In entirely unrelated news, something to share that is blowing my mind. Some of you already know this, so forgive the redundancy. You can scroll past this bit.
Since I was 15, I have had a very real desire to do missions work. Like nitty-gritty, down and dirty, feed some hungry naked babies missions work. Over the years, the timing never seemed to work out. Plus having three rabid honey badgers to contend with always made travel a little difficult.
All that is about to change. In a few months, I will embark on what I hope will be the first of many trips I will be making to help those in need. I’m going to Haiti, people! I’ll be working in an orphanage that was established by a pastor and his wife after the earthquake nearly destroyed his home town of Carrefour (pronounced car-foo). He and his wife came from Haiti, but moved to the states to start a church for the Haitian community in a town in New England. When he went back to visit his family, he found what was once a typical town outside the nation’s capital of Port-au-Prince had become a depleted village of hungry children begging in the streets. He began sending his sister money to buy food to feed them, but the need was too great. He converted his home in Carrefour into an orphanage that currently provides food, clothing, shelter, and love to local street children.
In a few months, I have the honor of going down with several others to finish a building project that will allow them to take in several more children. I will also be bringing one back with me.

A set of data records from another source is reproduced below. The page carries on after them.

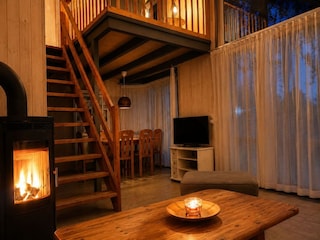 Holiday house Granzow Features 7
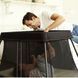 Манеж-ліжко BabyBjorn Travel Crib Light BBT24  фото 9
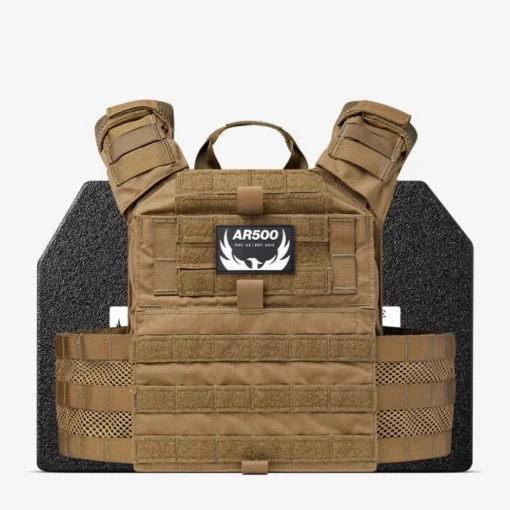 AR500 Armor Valkyrie™ Build Your Own Bundle -Tactical Equipment Shop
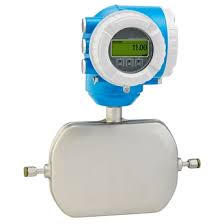 Proline Promass A 300 Coriolis flowmeter | Endress+Hauser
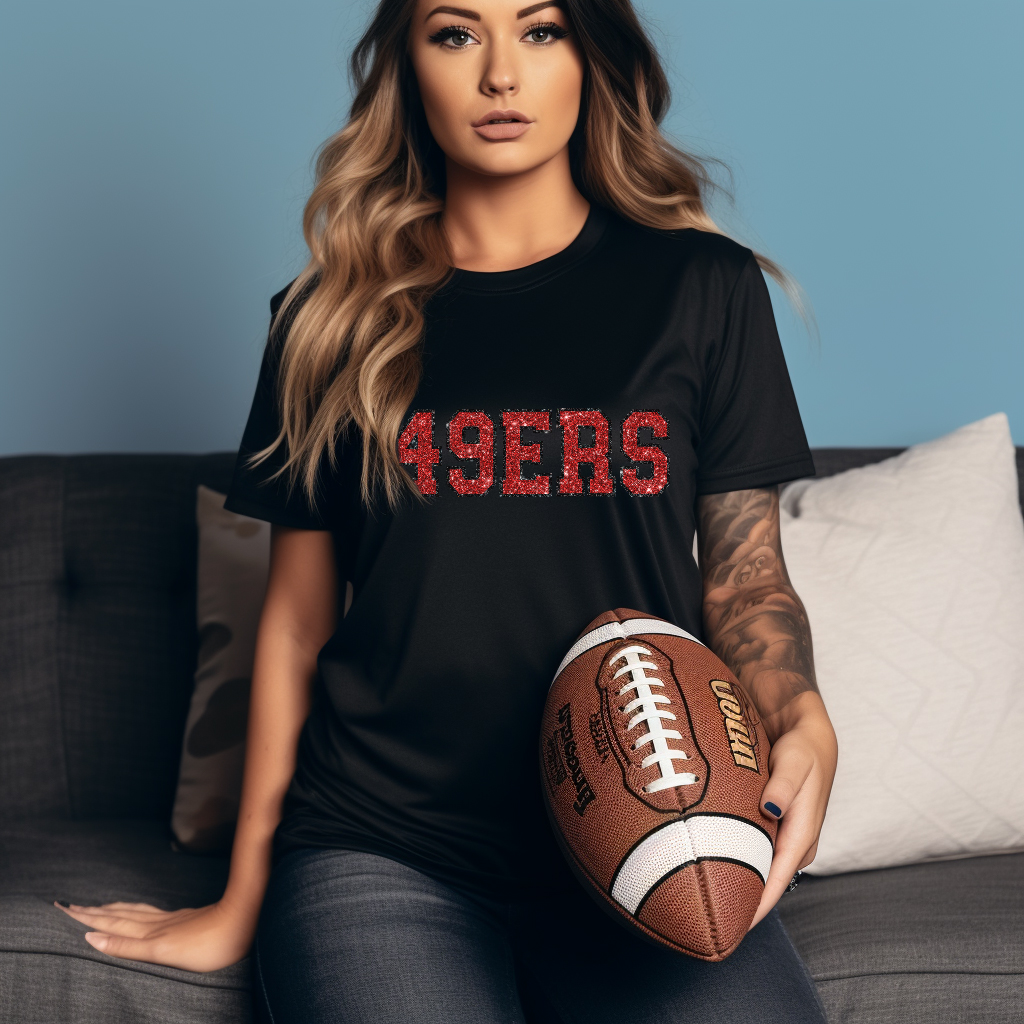 #2031 Glitter 49Er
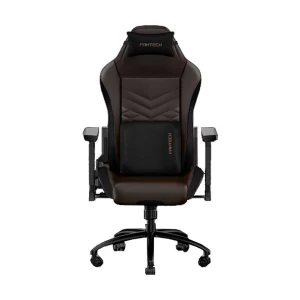 Fantech Ledare GC-192 Brown-Black Gaming Chair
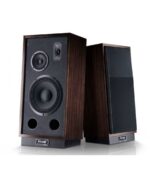 Magnat Transpuls 1000 Επιδαπέδια Ηχεία Hi-Fi Τριών Δρόμων Μόκα (Ζεύγος)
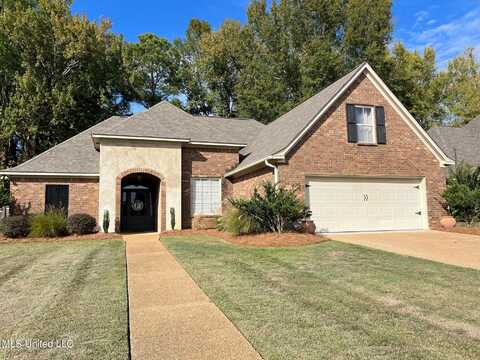 512 Orchard Brook Court, Florence, MS 39073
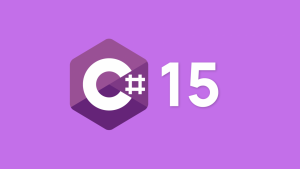 Обзор нововведений в C# 15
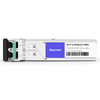 Huawei CWDM-SFPGE-1271 Compatible 1.25G CWDM SFP 1271nm 80km LC SMF DDM Transceiver Module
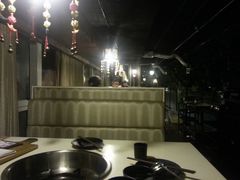 -滇釜火锅·能喝汤的火锅(车公庄店)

Maybe that last part was wishful thinking, but you never know.
Side note: Don’t worry. I’m only painting. I think we all know that it’s best if I stay away from hammers and nails.
We will also be doing an outreach for the community, complete with a children’s program by yours truly. When we asked how many to expect, we figured maybe 30 or so, figuring you’d get an extra 20 beyond the orphanage kids.
Umm, it’s going to be like 200. This is where you start praying and fasting for me, because egad that’s a lot of kids. And I’m still amazed I’ve kept three alive. So you know, there’s that.
This is where it gets good.
The trip has a price tag, obviously, since I need shots, and a passport, and airfare, etc. I’ve planned a bake sale, and before I could even start doing anything to raise money, donations started arriving at my house.
Then my kindergarten teacher and her husband connected with me on Facebook and invited me to speak at their church about the trip and orphanage. This church has a passion for Haiti, and will be taking a donation to support this endeavor.
Then a connection through my aunt, who is also going, got a REFRIGERATOR paid for. In full. With money to stock it full of food for the kids while we’re down there. We are being presented with a check in memory of the Sandy Hook victims.
Then my sister-in-law offered to hook us up with her church that does a charity event providing dresses for girls in need of basic clothing.
The world is full of hate. And greed. And evil.
And then a need arises. And people stand up. They fight hunger with generosity. They fight tragedy with hope. They fight hate with love.
We’re world changers, you guys. And I can’t wait to share with you about my experience when I get back.